Richard's initial post in this thread offered some sensible short-term solutions, but the only longer term solution is a positive working relationship between train operators and cyclists groups that worked to design trains to enable demand to be better met, and to create a working environment for train staff to manage it.


Title: Re: Bike spaces on IETs
Post by: Bmblbzzz on July 08, 2021, 01:40:14 pm
In practice it's very difficult to stop people bringing unreserved bikes on a train. It could only be done by having one staff member policing the relevant door(s) at each stop.


Title: Re: Bike spaces on IETs
Post by: broadgage on July 08, 2021, 03:33:04 pm
I spent many years of the 1980s and 1990s campaigning on improving bike access to trains, including getting it aired on Radio 4 for half an hour, and despair at how we still manage to go backwards on this provision. Together, bikes and trains have always offered the best opportunity to reduce car use.

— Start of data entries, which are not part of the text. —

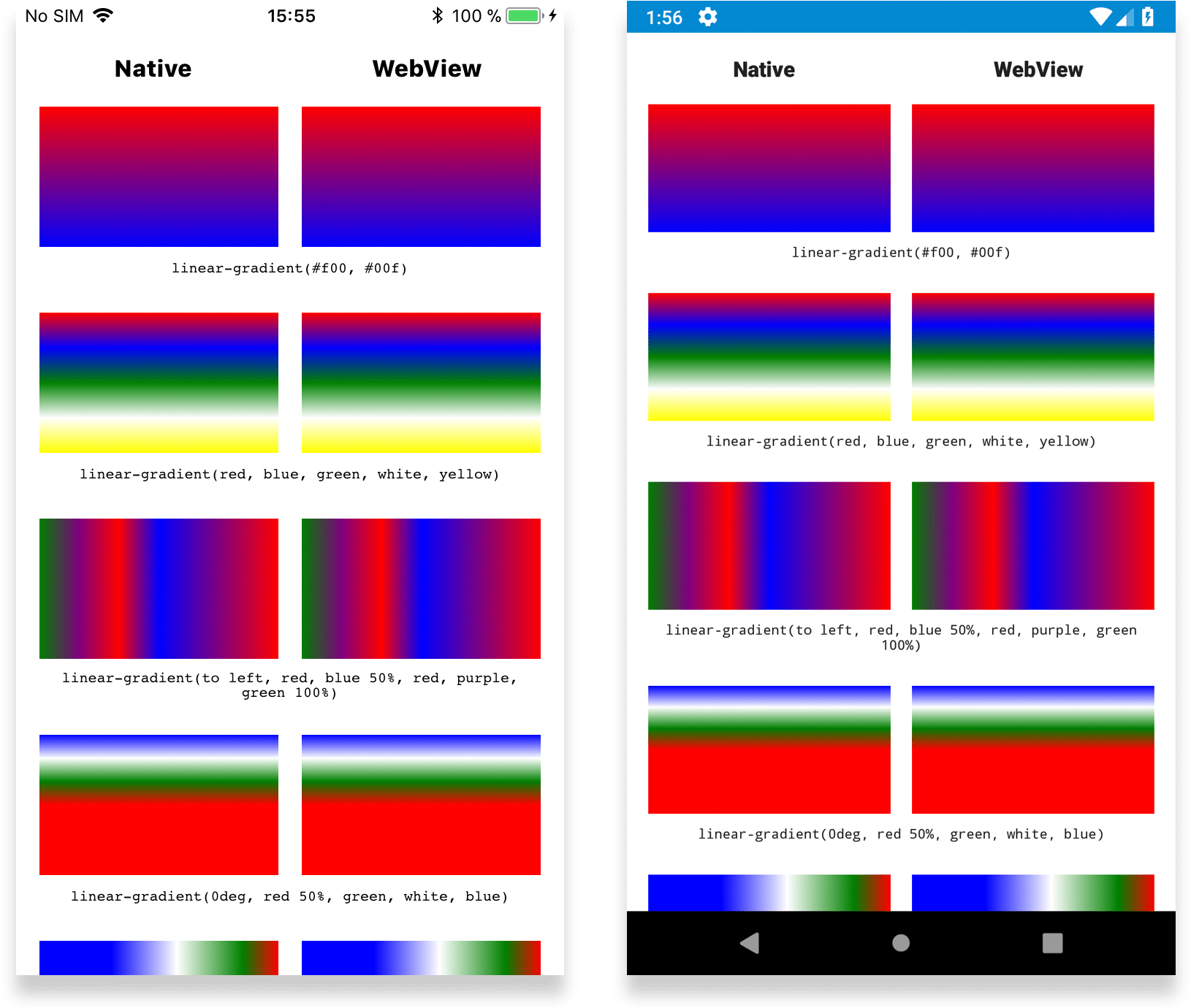 Child Selectors - Window (1695x1424), Png Download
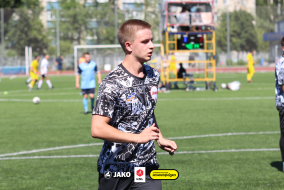<a href="https://st.getinfootball.com/albums/1088950/668c4b5f09d28_1920.jpg" target="_blank">Завантажити оригінал</a>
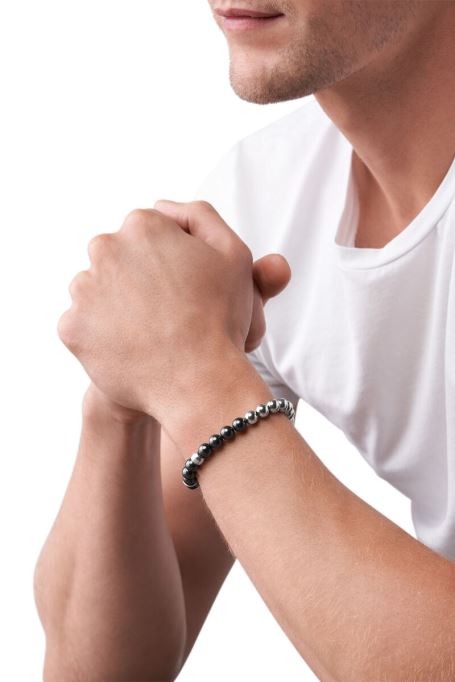 ブラック/グレー Dx1323 ディーゼル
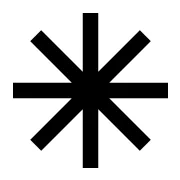 welance/directory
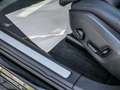Volvo XC60 T8 Recharge Inscription Expression Recha Zwart - thumbnail 17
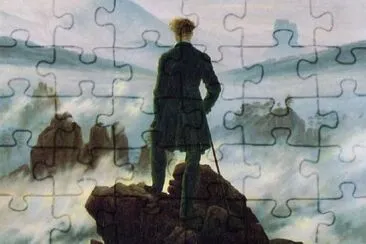 stella4 jigsaw puzzle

But on a recent journey I did see a train manager going out of their way to accommodate bikes, when 3 cyclists were trying to get their bikes onto a crowded train at Abergavenny. There really wasn't any space to get them in without completely blocking access, but between him and the riders, they spent a few minutes managing to fit them in. So some train managers do go out of their way to help.

"despair at how we still manage to go backwards on this provision"

Surely not ! IET advocates assured us that IETs are purpose designed trains with more cycle spaces than previously available. And that the cycle spaces were designed in consultation with relevant groups.
What went wrong ?


Title: Re: Bike spaces on IETs
Post by: Lee on July 08, 2021, 04:53:49 pm
I spent many years of the 1980s and 1990s campaigning on improving bike access to trains, including getting it aired on Radio 4 for half an hour, and despair at how we still manage to go backwards on this provision. Together, bikes and trains have always offered the best opportunity to reduce car use.

But on a recent journey I did see a train manager going out of their way to accommodate bikes, when 3 cyclists were trying to get their bikes onto a crowded train at Abergavenny. There really wasn't any space to get them in without completely blocking access, but between him and the riders, they spent a few minutes managing to fit them in. So some train managers do go out of their way to help.

"despair at how we still manage to go backwards on this provision"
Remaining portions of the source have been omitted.